_YOUR ASSIGNMENT_: When you repeat the entries below, keep each word exactly as it is and drop the pictures.

_RECORDED INFORMATION_:
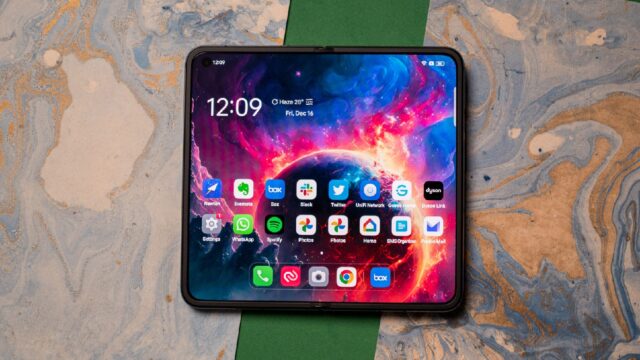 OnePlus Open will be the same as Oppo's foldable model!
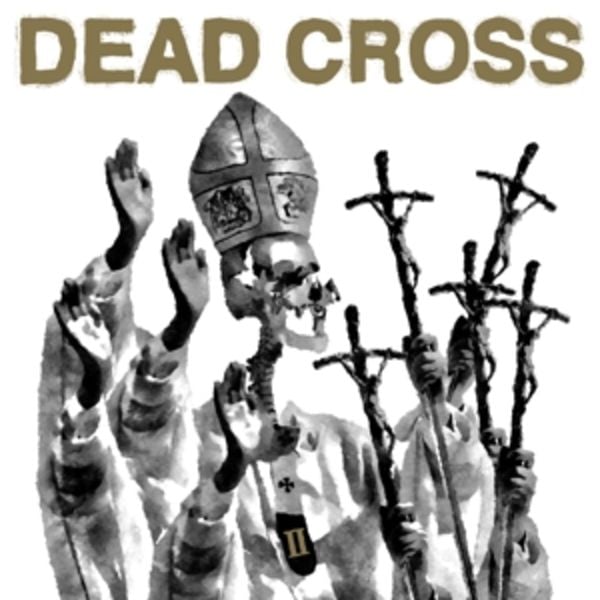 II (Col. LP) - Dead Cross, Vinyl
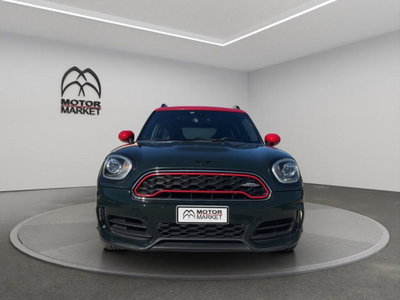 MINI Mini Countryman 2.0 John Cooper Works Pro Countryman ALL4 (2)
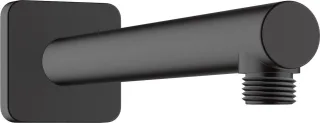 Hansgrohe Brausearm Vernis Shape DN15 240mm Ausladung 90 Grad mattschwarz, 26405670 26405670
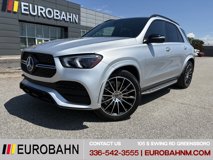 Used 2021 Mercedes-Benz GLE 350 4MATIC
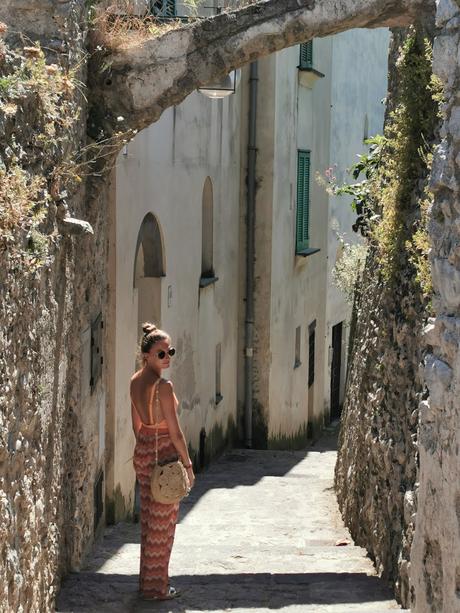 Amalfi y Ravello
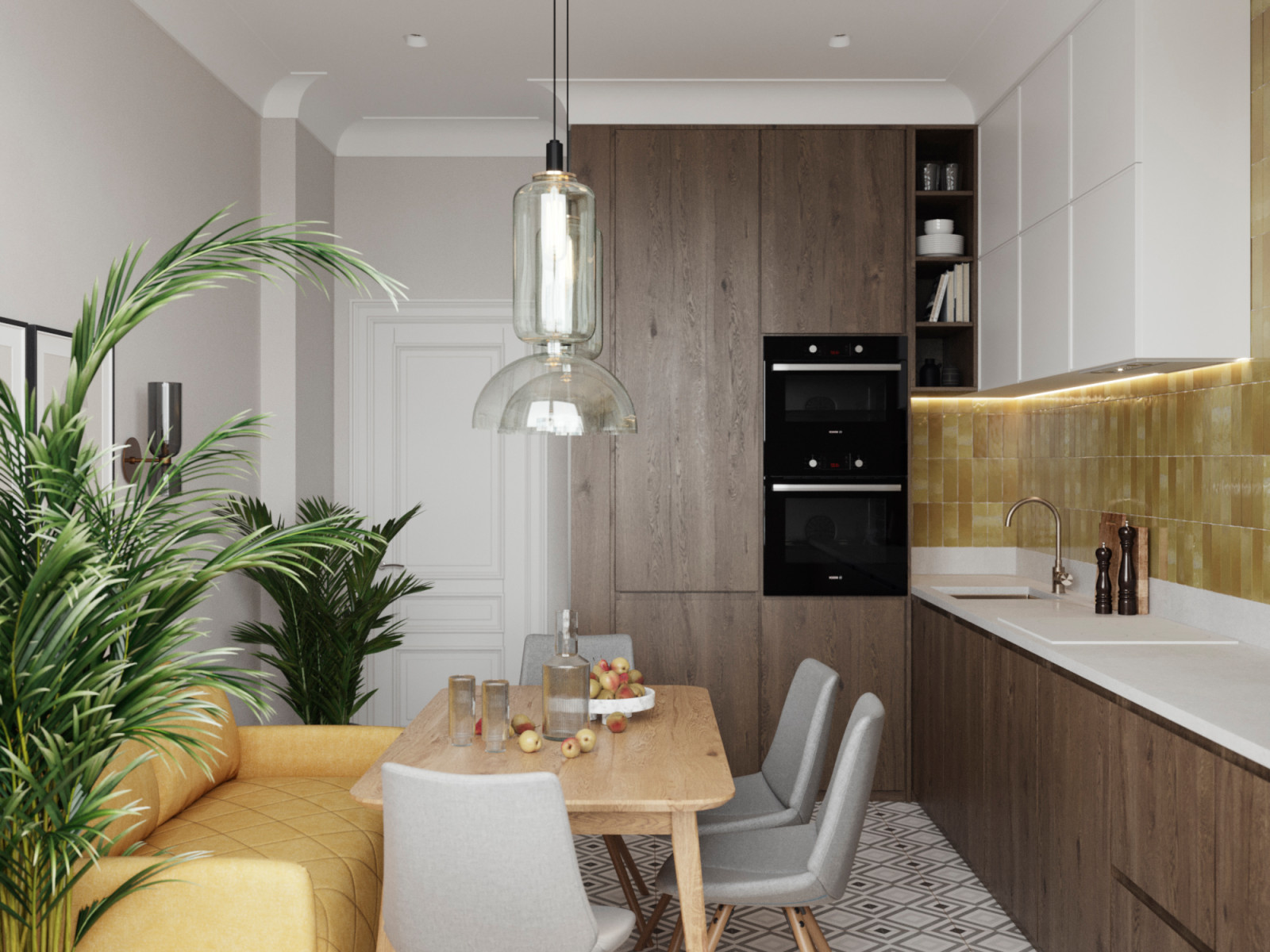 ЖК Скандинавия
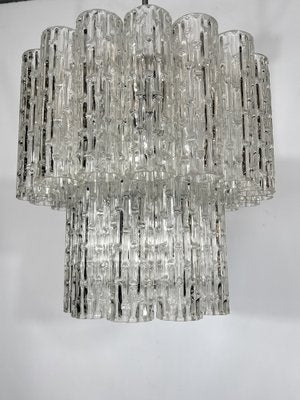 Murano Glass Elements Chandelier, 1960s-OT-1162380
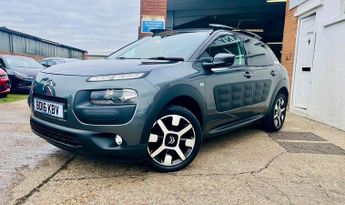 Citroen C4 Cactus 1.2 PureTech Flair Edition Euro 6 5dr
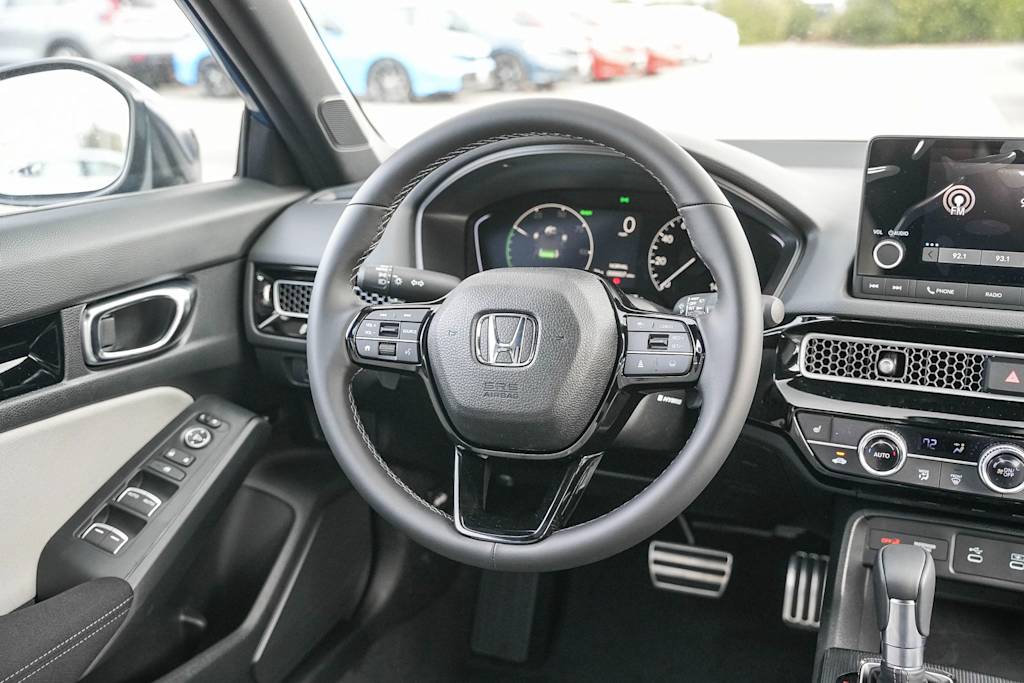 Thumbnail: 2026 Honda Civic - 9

_RESULT FOR THIS EXERCISE_:
 OnePlus Open will be the same as Oppo's foldable model!
 II (Col. LP) - Dead Cross, Vinyl
 MINI Mini Countryman 2.0 John Cooper Works Pro Countryman ALL4 (2)
 Hansgrohe Brausearm Vernis Shape DN15 240mm Ausladung 90 Grad mattschwarz, 26405670 26405670
 Used 2021 Mercedes-Benz GLE 350 4MATIC
 Amalfi y Ravello
 ЖК Скандинавия
 Murano Glass Elements Chandelier, 1960s-OT-1162380
 Citroen C4 Cactus 1.2 PureTech Flair Edition Euro 6 5dr
 Thumbnail: 2026 Honda Civic - 9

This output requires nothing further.